MARÇO DE 1993.
Na maternidade, uma enfermeira com rosto anguloso e contornos corporais sulcados levou o bebê ao pai. O recém-nascido aparentava uma paz que nem os monges poderiam explicar. Uma família à moda cristã.
MAIO DE 1998.
O pátio arborizado estava abarrotado de pessoas.
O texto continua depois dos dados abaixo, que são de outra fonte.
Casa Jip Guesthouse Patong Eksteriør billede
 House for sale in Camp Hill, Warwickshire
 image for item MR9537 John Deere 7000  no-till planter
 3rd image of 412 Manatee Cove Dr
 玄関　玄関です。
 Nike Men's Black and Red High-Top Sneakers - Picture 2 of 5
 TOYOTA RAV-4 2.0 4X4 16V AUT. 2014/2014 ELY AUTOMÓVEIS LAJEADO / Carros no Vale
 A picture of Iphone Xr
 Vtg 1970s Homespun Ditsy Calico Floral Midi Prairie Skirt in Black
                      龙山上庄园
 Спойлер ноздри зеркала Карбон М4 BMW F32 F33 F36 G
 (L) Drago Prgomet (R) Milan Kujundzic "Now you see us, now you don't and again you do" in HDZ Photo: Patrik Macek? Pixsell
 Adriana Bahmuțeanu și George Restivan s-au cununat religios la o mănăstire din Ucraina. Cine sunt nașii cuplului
Em cima do palco, as crianças uniformizadas apresentavam uma homenagem às mães. Bem ao fundo, o garoto mais alto da turma experimentava uma timidez ininteligível. Ele nunca se sentia confortável com a presença dos familiares. Em seu âmago brotava a semente de uma inferioridade brutal que o afetaria ostensivamente num futuro breve. Era terra fecunda para achaques. Assim, o adiposo menino fazia pernas itálicas para se tornar menos notado. Vãs tentativas.
AGOSTO DE 2004.
A diretora revelou à desinteressada massa de alunos o vencedor pela melhor redação do colégio. A quadra estava adornada por cartazes sofríveis e correntes de garrafas recicladas. Um adolescente oleoso revelou-se ao atender ao chamado da anfitriã senhora. Por se sentir impróprio, o seu rosto ficou ruborizado ao perceber a medalha de latão presa ao pescoço. Um coroamento.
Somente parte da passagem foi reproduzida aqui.